Sydney Smith in 1906

He was selected to tour England with the second West Indies team in 1906. He was described pre-tour as "the best amateur bowler in the West Indies, bowls slow left hand; can also bat very well" and "he is regarded as the crack bowler of the side. A left-hander with easy delivery who can make the ball break either way, and who sends down a deceptive fast ball. He can hit with vigour and precision and cuts well. He is a good field in the slips". Smith started the tour extremely well, being particularly effective against the weaker sides. After 8 matches (4 first class, 4 against minor teams) he had scored over 700 runs and taken over 50 wickets. After that his batting was disappointing although he continued to take wickets, including 12 in the final match against Northamptonshire. In first-class matches he scored 571 runs at an average of 24.82, including a century against Hampshire and taking 66 wickets at an average of 24.36. In all matches he performed the "double", scoring 1107 runs and taking 116 wickets, leading the averages in both categories.

==England career==
After the 1906 tour, he stayed in England to qualify for county cricket with Northamptonshire. During his two-year residence qualification he was only able to play against the touring teams. In 1907 he took 10 wickets against the South Africans and in 1908 he scored 23 and 76* and took 9 wickets against the Philadelphians.

When he started playing regularly in 1909 he was an instant success, scoring more than 1000 runs and taking 115 wickets, his first full county season. In six seasons with the county, he passed the 1000-run mark four times and took 100 wickets four times, achieving the all-rounder's "double" in 1909, 1913 and 1914. In 1913, he became county captain during the season when George Vials fell ill and he retained the position in 1914. He was selected to play for the Gentlemen v Players a number of times, four times in the prestigious match at Lord's. He was named as a Wisden Cricketer of the Year in 1915 for his performances in 1914. By this time first-class cricket had been suspended in England because of the First World War. In all he played 119 first class matches for Northamptonshire scoring 6396 runs (with 12 centuries) and taking 502 wickets.

During his period with Northamptonshire he twice toured the West Indies; in 1910–11 and 1912–13. In 1910–11 he was second in the tourists first class batting averages and led their bowling averages, while 1912–13 his batting was a little disappointing but he was still second in the tourists' bowling averages.

==New Zealand career==
Financial problems and the ill-health of a member of his family led Smith to move in late 1915 to New Zealand, where he settled in Auckland. He appeared for Auckland in first-class matches from 1917–18 through to 1925–26, when he retired from the first class game.

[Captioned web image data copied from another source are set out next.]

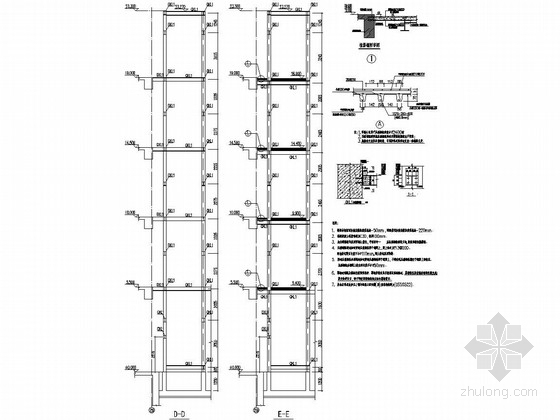 五层钢框架增设观光电梯结构施工图-剖面图 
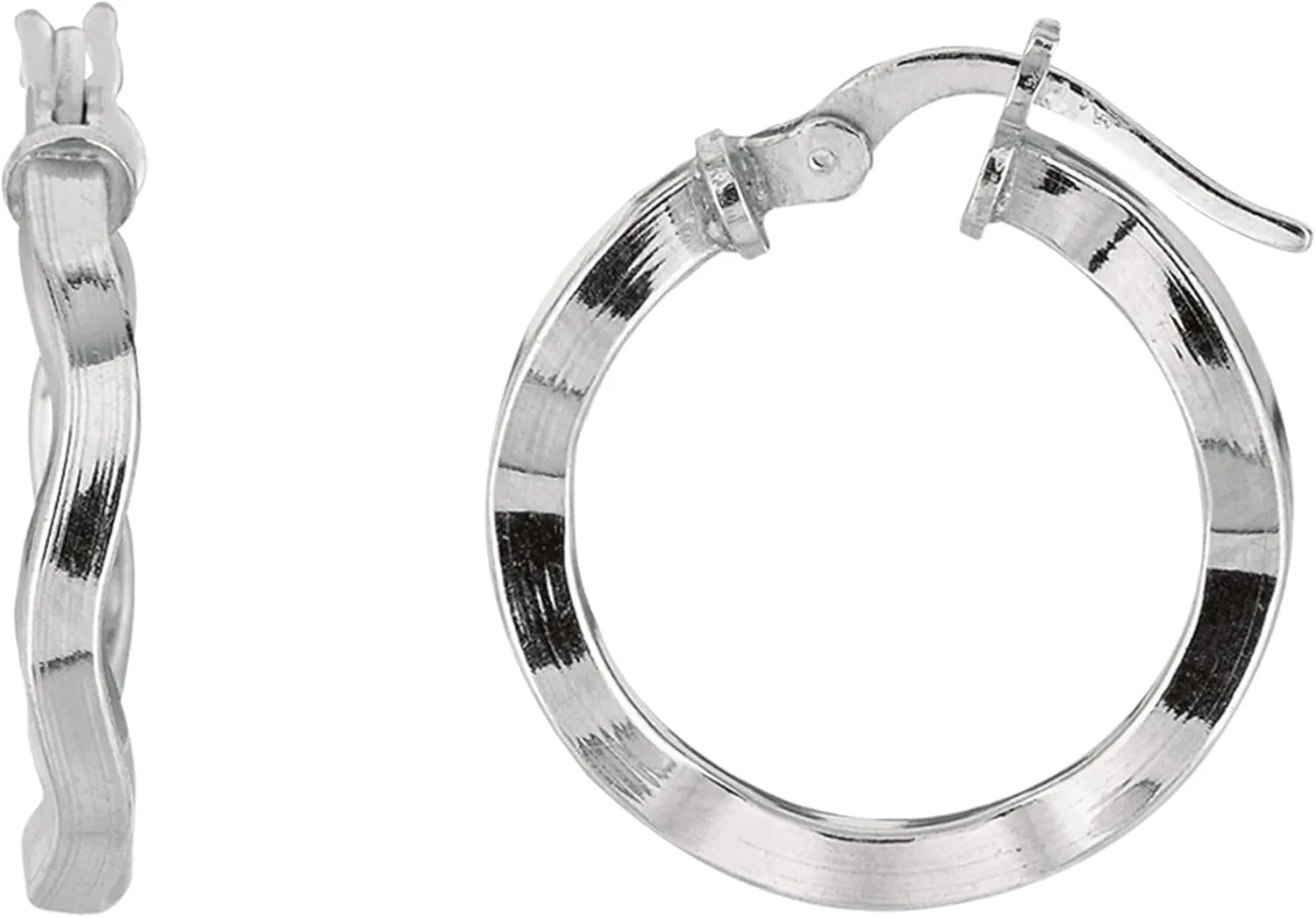 Sterling Silver With Rhodium Plated Wavy Round Hoop Earrings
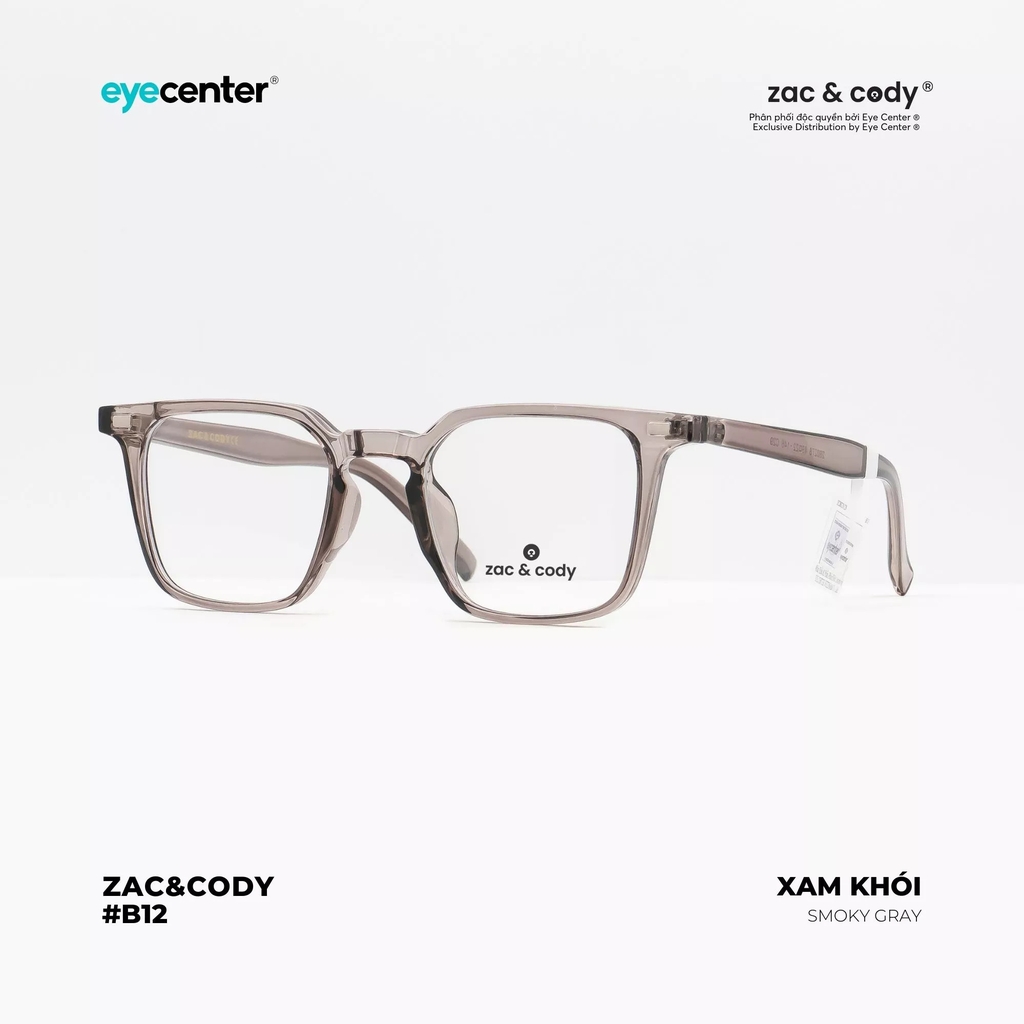 [B12] Gọng kính cận nam nữ chính hãng ZAC & CODY nhựa dẻo chống gãy cao cấp original.12 ZC 280278 by Eye Center Vietnam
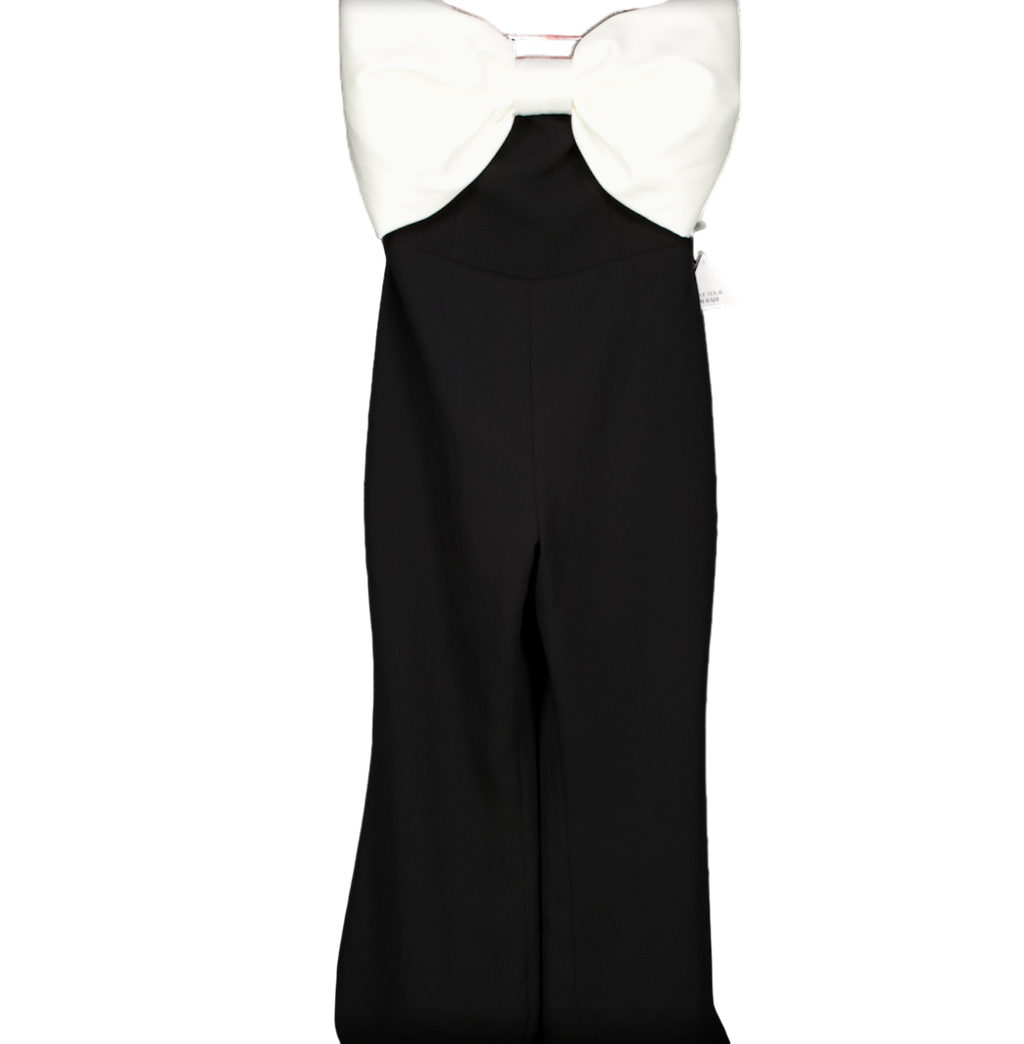 Nadine Merabi Black Jenny Bow Jumpsuit UK 10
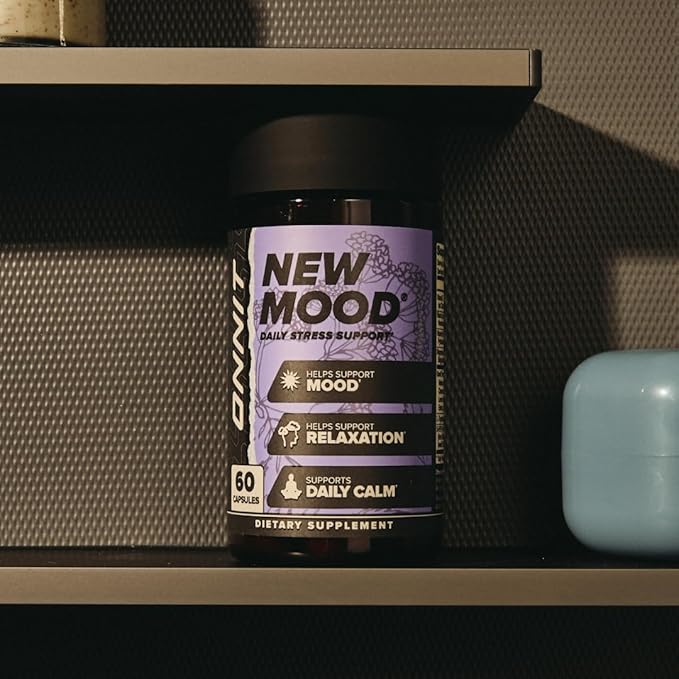 ONNIT New Mood Daily Stress Support Capsules IGEN™ Non-GMO Tested Sleep and Mood Support Supplement for Men and Women Daily Stress Management Capsules 30 Count
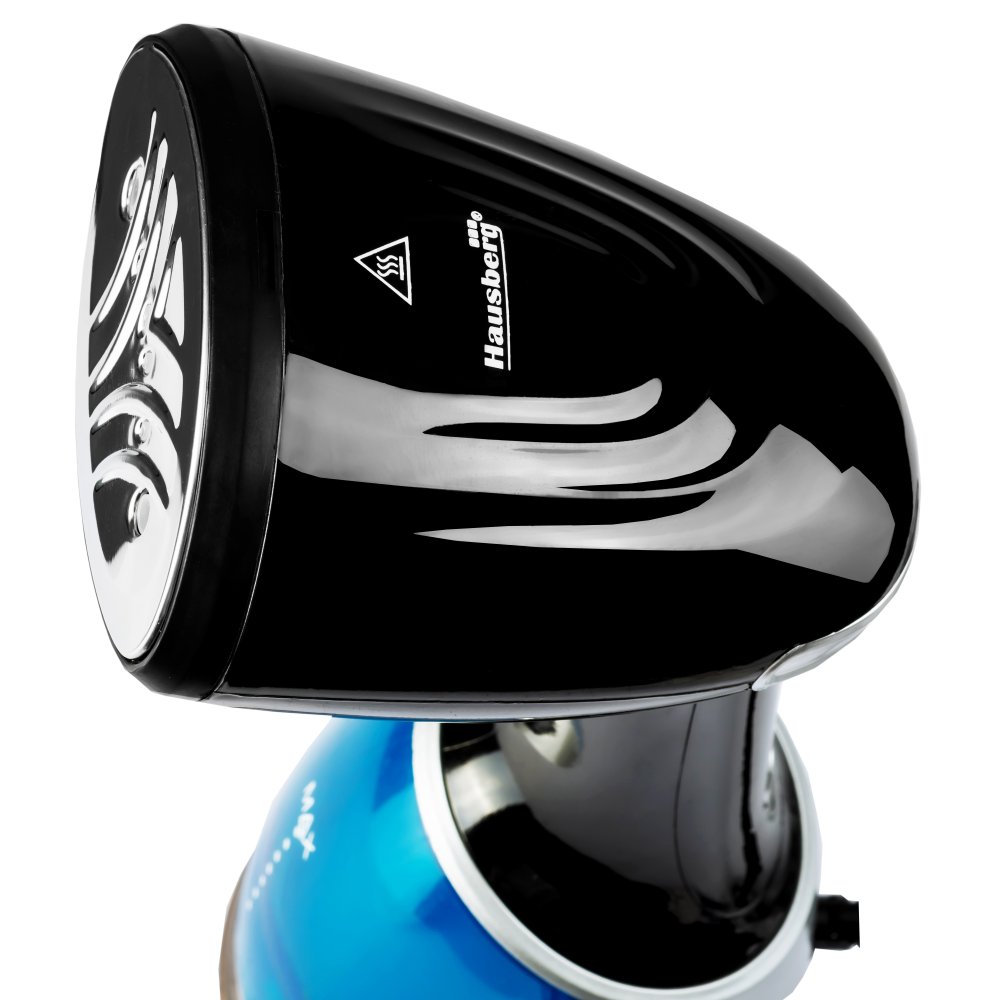 Fier de calcat vertical, 1500-1700W, rezervor detasabil 220 ml, Negru/Albastru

In 1919–20, Smith scored 256 for Auckland against Canterbury, which was his highest first-class score. In the next game against Wellington he took eight wickets for 55 runs in the first innings, and 13 wickets in the match. He was selected for the New Zealand team against the Australians in 1920–21, the MCC in 1922–23 and against the touring New South Wales team in 1923–24. "He used his height to the full to bowl a leg-break with a dropping ball and gave some fine exhibitions with the bat, though already in his mid-thirties". In all he played five times for New Zealand and in 26 first class matches for Auckland.

His uncles Frederick and Augustus Smith played for Barbados in early inter-colonial cricket.

A biography, Cricket's Mystery Man: The Story of Sydney Gordon Smith: West Indies, MCC, New Zealand, by Bill Francis, was published in Australia in 2014.